La resurreción nos llama a
un compromiso con el futuro, un compromiso con la esperanza. Desde que
Cristo resucitó, su Reino es invencible y nada es imposible. Su resurrección
nos asegura que un mundo diferente es posible, ahora en medida relativa y
sentido penúltimo, y finalmente en la plenitud de su reino. Los que dicen que
"todas las cosas permanecen así desde el principio de la creación"
son los burladores incrédulos (2 Pedro 3:3-4), no los que están identificados
con Cristo en la solidaridad de su resurrección. Al contrario, nuestro Dios es
el que hace nuevas todas las cosas (Apoc 21:5), hoy, mañana y siempre.
Creer en la resurrección significa solidarizarnos con Dios en Cristo, en su
proyecto de transformación radical del mundo.
Conclusion
La identificación
incondicional de Jesucristo con nosotros (solidaridad) es clave pare entender
la Cristología, y la Cristología, bien entendida, es una poderosa motivación a
la solidaridad.
En su encarnación, Jesús
asumió nuestra humanidad corporal, nos hizo un solo cuerpo, y nos llama a ser
también solidarios como fue y es él.
En su cruz, la solidaridad
de Cristo fue hasta el extremo, hasta hacer suyos nuestro pecado y muerte.
En su resurreción, Cristo
reafirmó su solidaridad con la corporalidad, la vida y la esperanza.
Bendición franciscana
Que Dios te bendiga con la inconformidad
frente a las respuestas fáciles, las medias verdades,
las relaciones superficiales,
para que seas capaz de profundizar dentro de tu corazón.
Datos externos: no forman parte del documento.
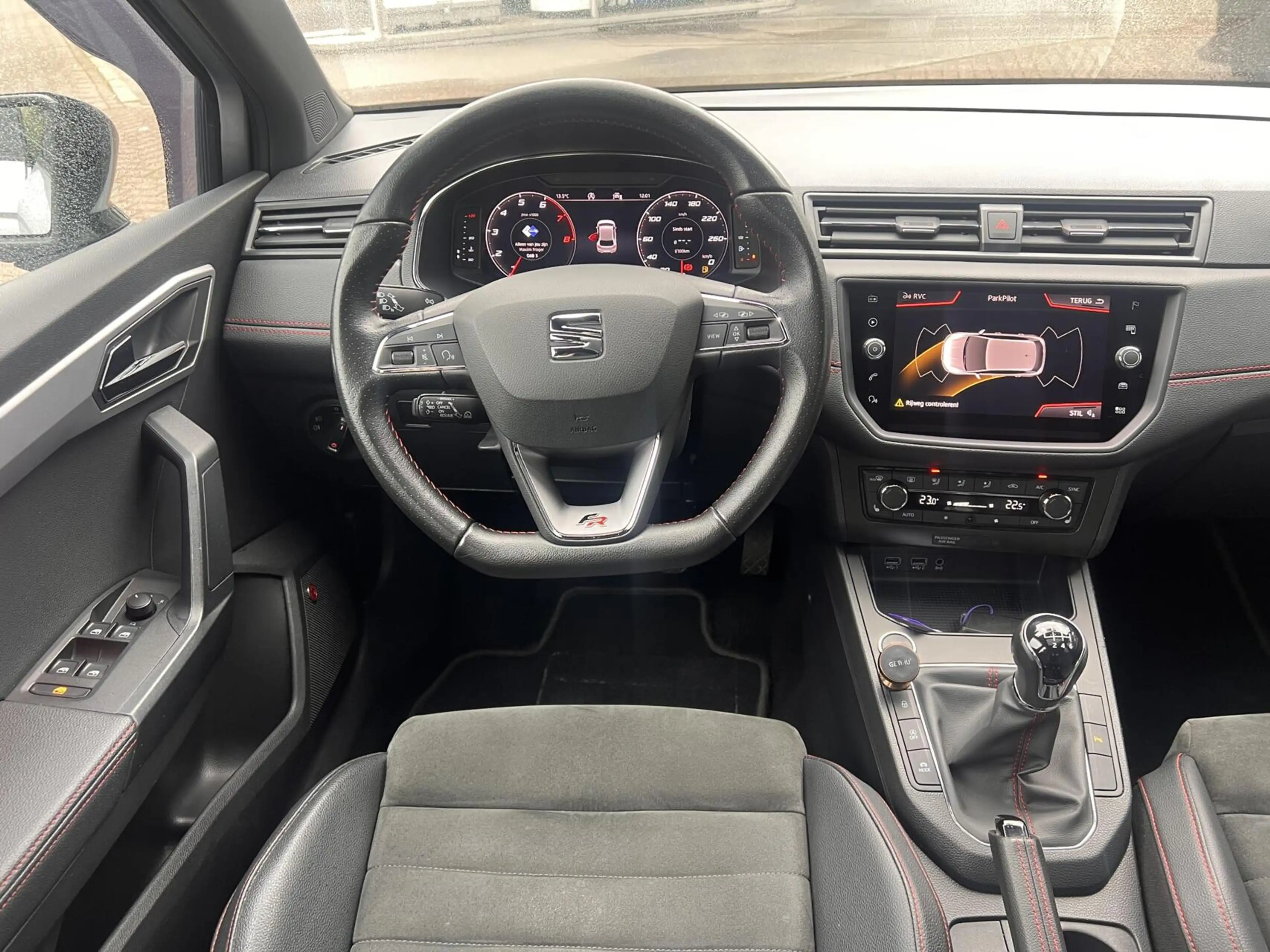 SEAT Ibiza 1.0 TSI FR Business Intense Beats Pano LED NL NAP — photo 24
Que Dios te bendiga con la ira,
frente a la injusticia, la opresión y la explotación de la gente,
para que puedas trabajar por la justicia, la libertad y la paz.
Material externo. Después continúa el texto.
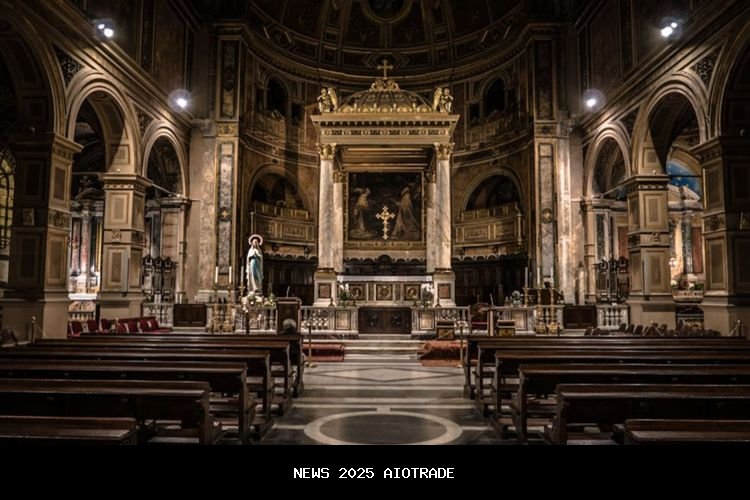 Bacaan Misa Katolik Hari Minggu Adven IV 21 Desember 2025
Que Dios te bendiga con lágrimas,
para derramarlas por aquellos que sufren dolor,
rechazo, hambre y guerra,
para que seas capaz de extender tu mano, reconfortarlos
y convertir su dolor en alegría.
Y que Dios te bendiga con suficiente locura,
para creer que tu puedes hacer una diferencia en este mundo,
para que tu puedas hacer lo que otros proclaman que es imposible.
[1] La traducción de 2 Cor 5:21 en la Nueva
Versión Internacional, "Dios lo trató como pecador", queda corto del
sentido del texto griego, huper hêmôn hamartian epoiêsen; "por
nosotros lo hizo pecado".
[2] El primer capítulo del Libro III (3.1) es
completamente nuevo en la edición de 1559, como es también el lugar definitivo
asignado a la unión con Cristo en todo el tercer libro (Barth, Church
Dogmatics, IV/3: 552-3).
[3] Sin duda estas formulaciones pueden
prestarse para exageraciones o malos entendidos, pero captamos mejor su fuerza
y su profundo sentido, según Calvino mismo, si lo sobreformulamos.
[4] ) Sobre este pasaje, véase Stam, Profecía
bíblica y misión de la iglesia (Quito: CLAI, 2001), pp. 42-44.